[Short descriptive text snippets]

......

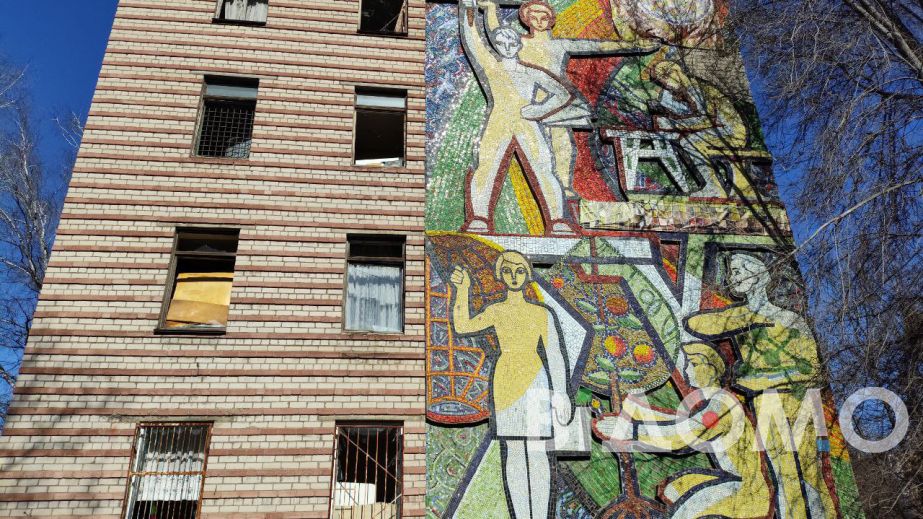 В днепровской гимназии взрывной волной выбило 152 окна, но уцелела старая мозаика (ФОТО)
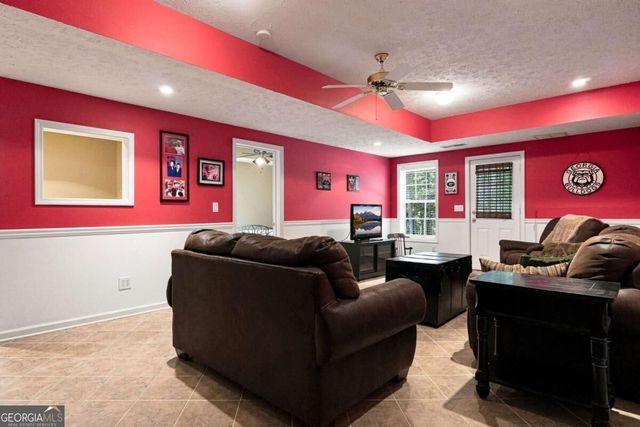 5821 Silverthorn Drive, Flowery Branch, GA 30542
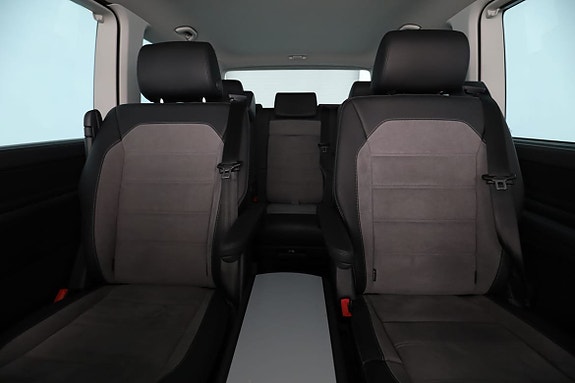 Volkswagen Multivan 16 of 30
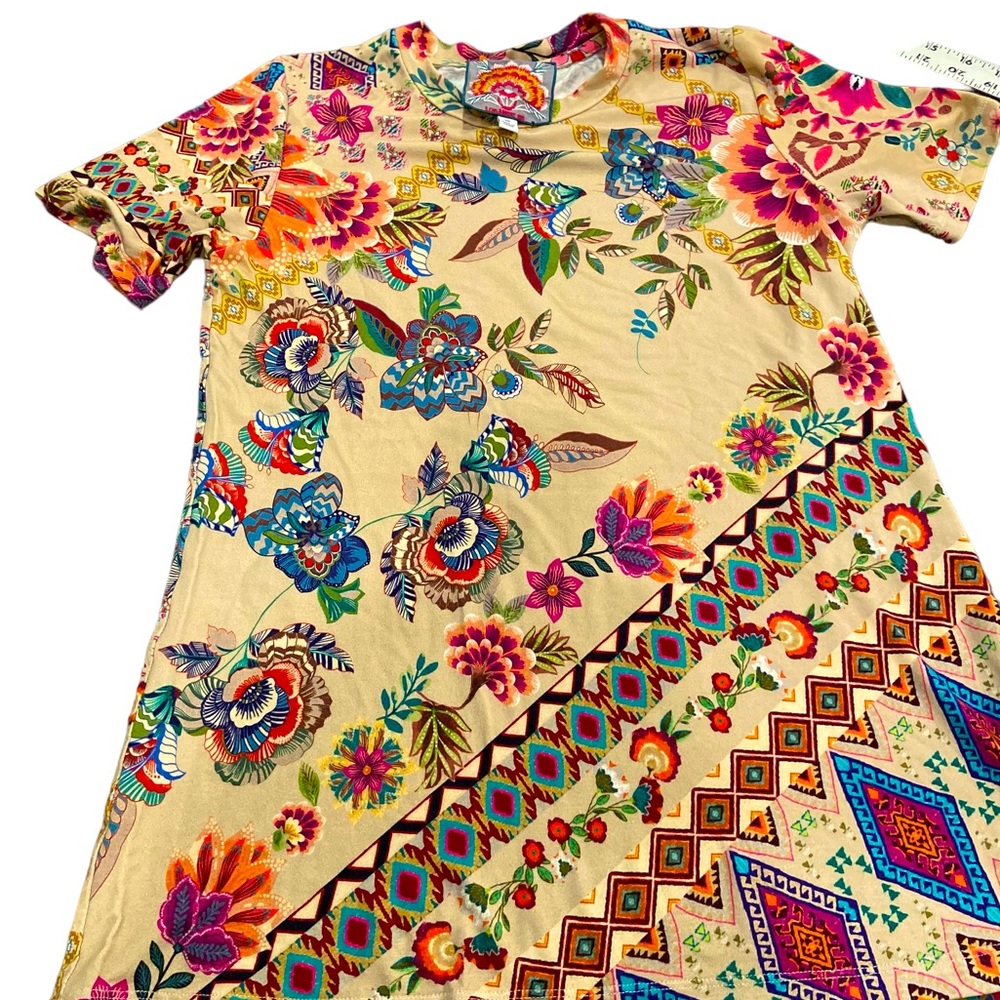 Johnny Was Tee Shirt in excellent condition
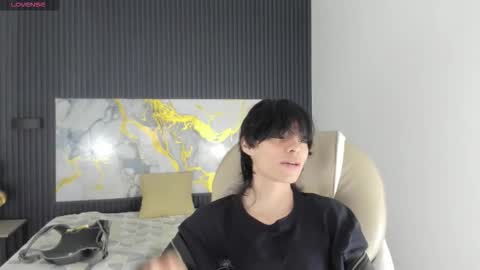 sylasfrost online show from December 5, 2025, 7:21 pm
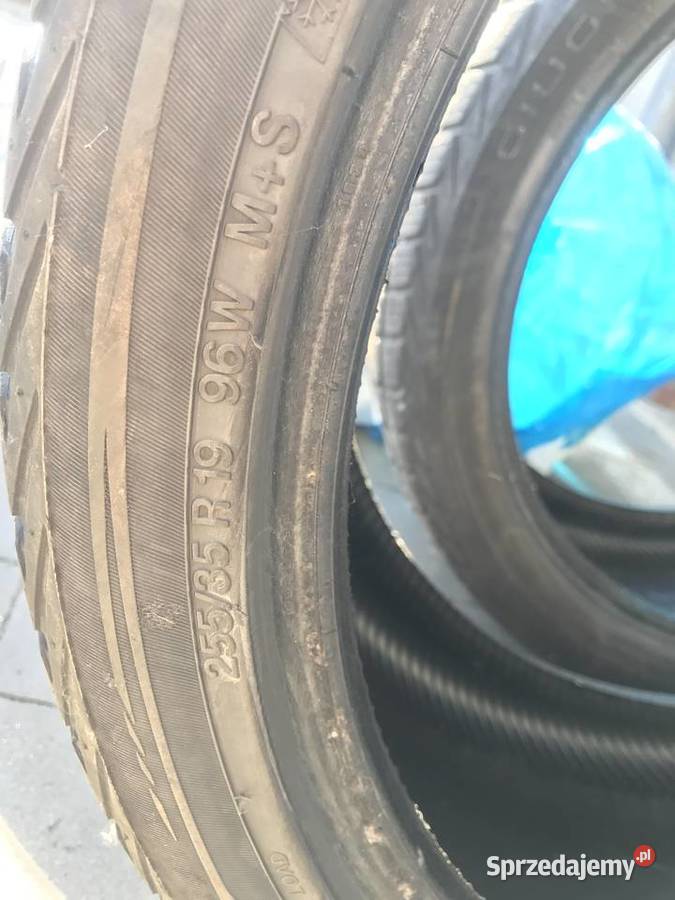 Opony zimowe Vredestein 25535 19R 255 Głubczyce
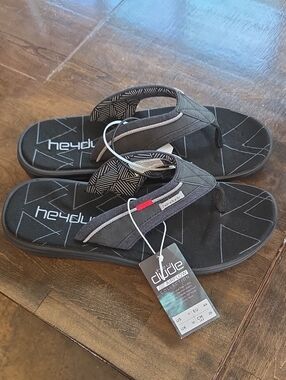 Hey Dude Size 11 Men's Black Flip Flop Sandals NEW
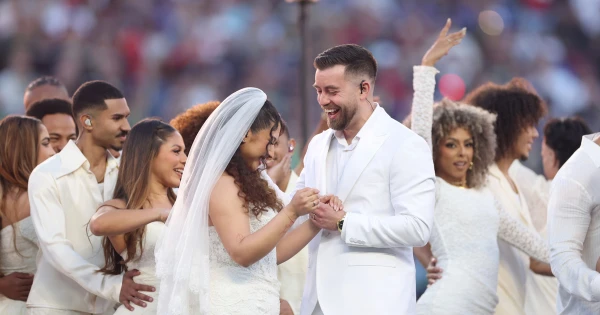 A Super Bowl félidei műsora közben házasodott össze egy pár, Bad Bunny írta alá az anyakönyvi kivonatot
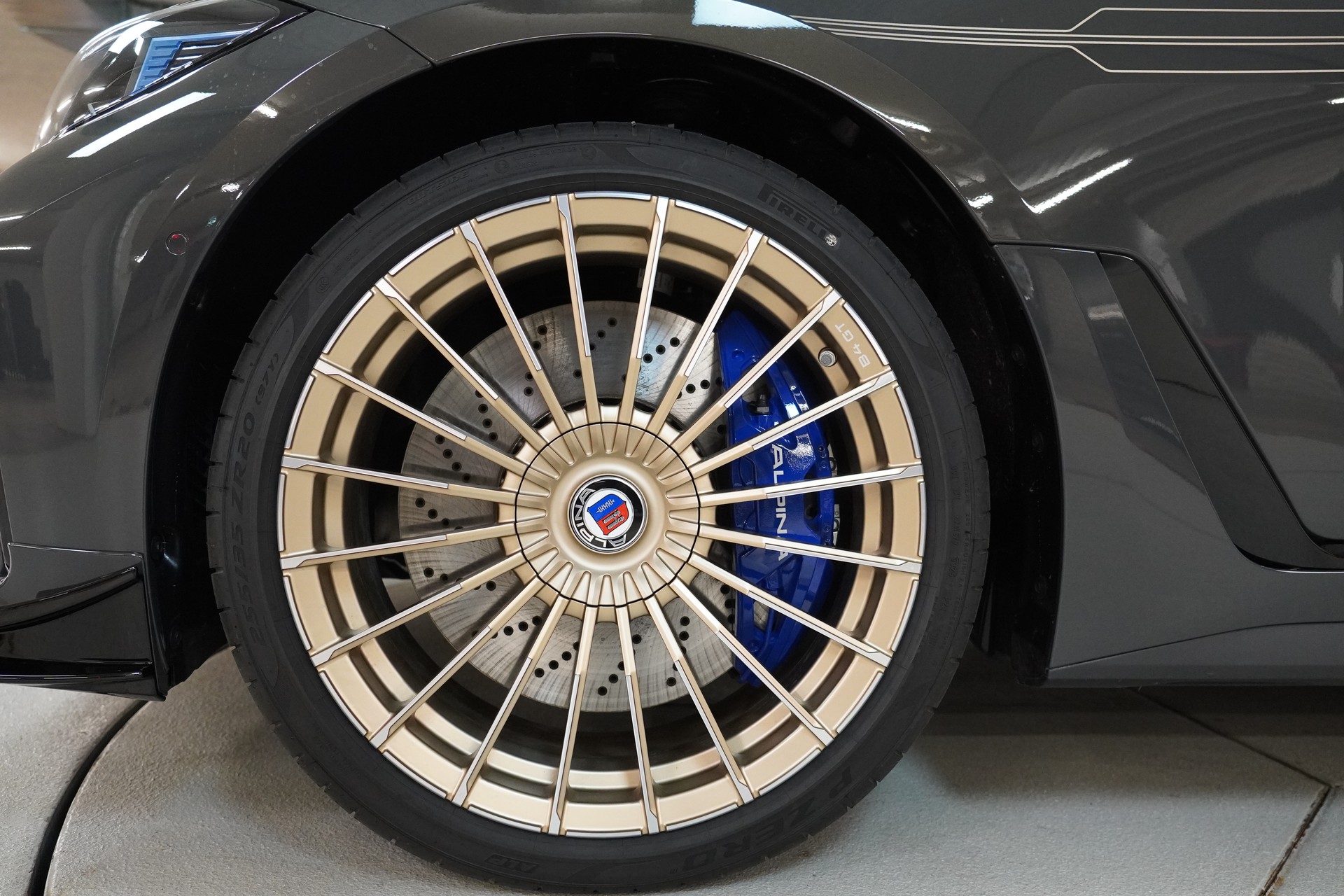BMW-ALPINA B4 Gran Coupé 3.0 xDrive GT S-Tronic-image-9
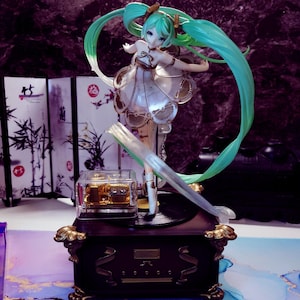 Hatsune Miku Garage Kit by Chuyafactory - Etsy Hatsune Miku Garage Kit by Chuyafactory - Etsy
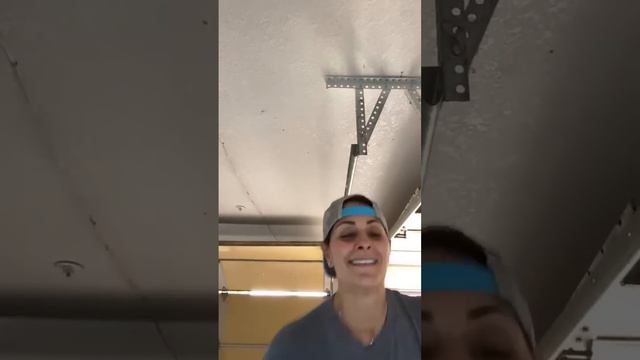 Danielle Salinger is live! смотреть онлайн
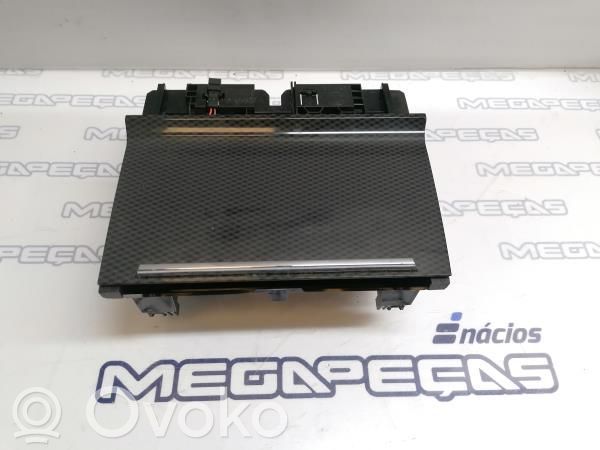 Guantera   5E1863077D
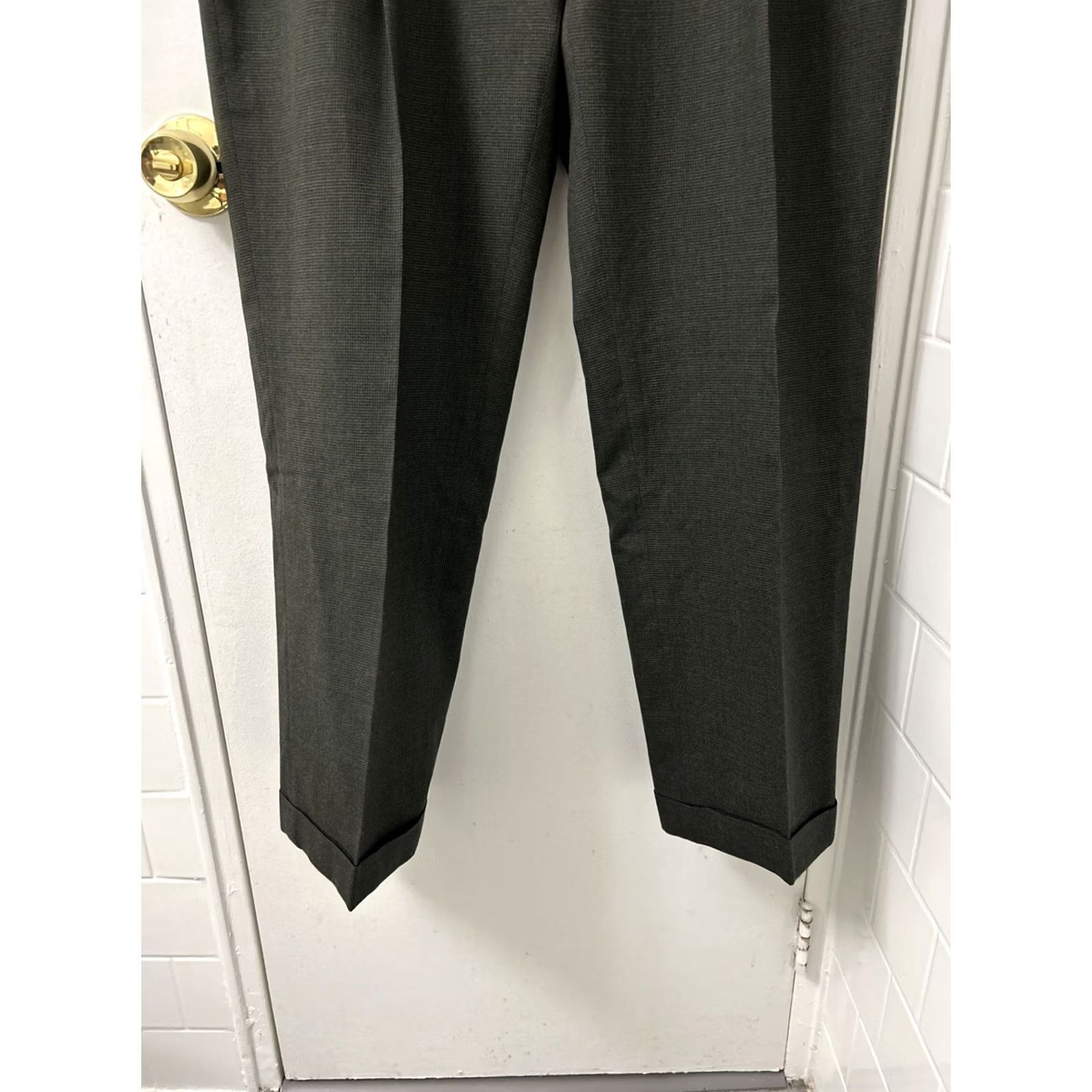 Jos. A. Bank VINTAGE Jos A Bank Pants Mens Size 36x31 Green 100% Wool Pleated Cuffed Dress Pants Zipper Closure Regular Straight USA Theme Mens Size US 36 / EU 52 - 3 Thumbnail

......

» **Task details**
Exactly the lines from the one containing "Hatsune Miku Garage Kit by Chuyafactory - Etsy Hatsune" to the final line of the entries are wanted; please write them out, both ends included, but not the pictures.

» **Final answer**
 Hatsune Miku Garage Kit by Chuyafactory - Etsy Hatsune Miku Garage Kit by Chuyafactory - Etsy
 Danielle Salinger is live! смотреть онлайн
 Guantera   5E1863077D
 Jos. A. Bank VINTAGE Jos A Bank Pants Mens Size 36x31 Green 100% Wool Pleated Cuffed Dress Pants Zipper Closure Regular Straight USA Theme Mens Size US 36 / EU 52 - 3 Thumbnail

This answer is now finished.